- [DATASET EXCERPT]:
═══

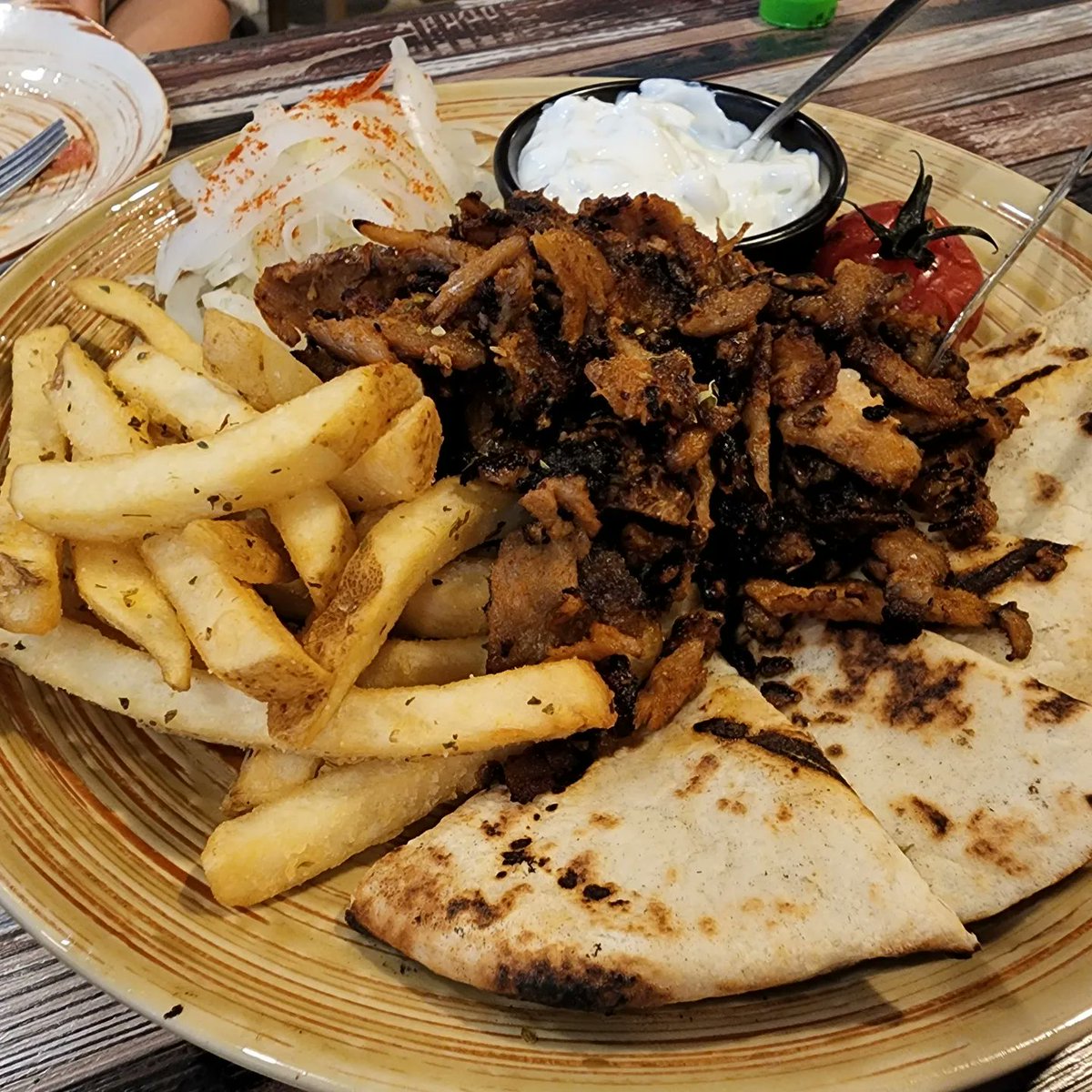 toddsample_eats's tweet photo. 저희는 노스티모를 운영하면서 "국내서 다른 그리스 식당이 왜 이렇게 없냐?"라는 생각이 자주 드네요. 그래서 천안에 있는 리틀 그리스를 소개할 수 있게 되어서 기쁩니다. 그리스 크레타섬 출신 죠르지 모라키스 셰프가 그리스 가정식을 준비하고 있습니다. 🇬🇷 충남 천안시 서북구 천안대로 1024-3 https://t.co/PmMV699KSq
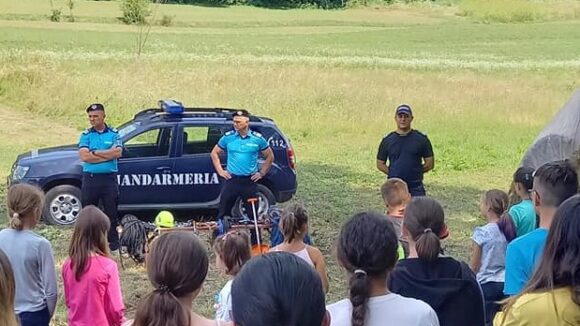 Jandarmi la discuții cu copiii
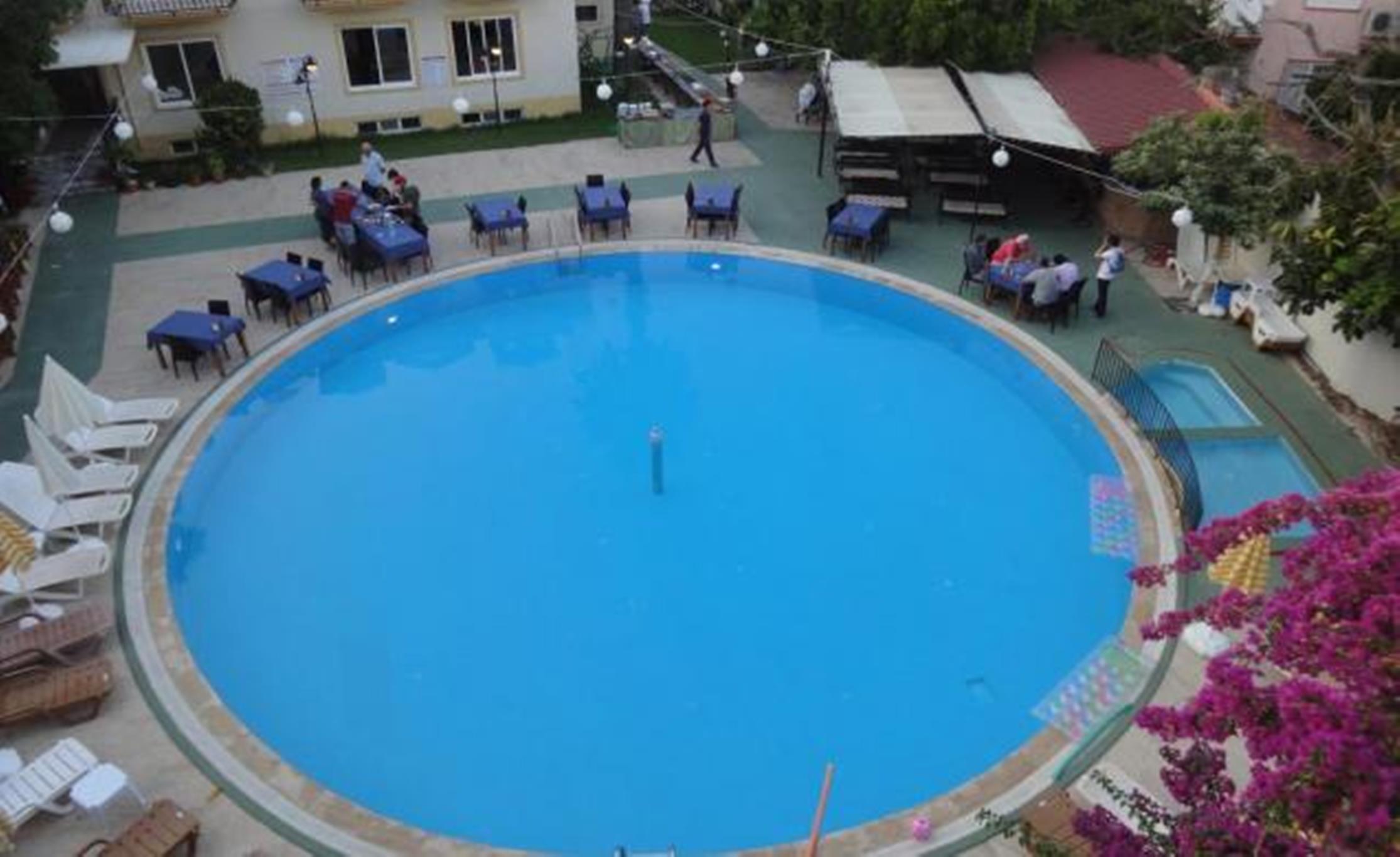 Metin Hotel 27/28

═══

- [YOUR ASSIGNMENT]:
Please repeat the data verbatim and leave the pictures out of your copy.

- [REPLY TO THE EXERCISE]:
 toddsample_eats's tweet photo. 저희는 노스티모를 운영하면서 "국내서 다른 그리스 식당이 왜 이렇게 없냐?"라는 생각이 자주 드네요. 그래서 천안에 있는 리틀 그리스를 소개할 수 있게 되어서 기쁩니다. 그리스 크레타섬 출신 죠르지 모라키스 셰프가 그리스 가정식을 준비하고 있습니다. 🇬🇷 충남 천안시 서북구 천안대로 1024-3 https://t.co/PmMV699KSq
 Jandarmi la discuții cu copiii
 Metin Hotel 27/28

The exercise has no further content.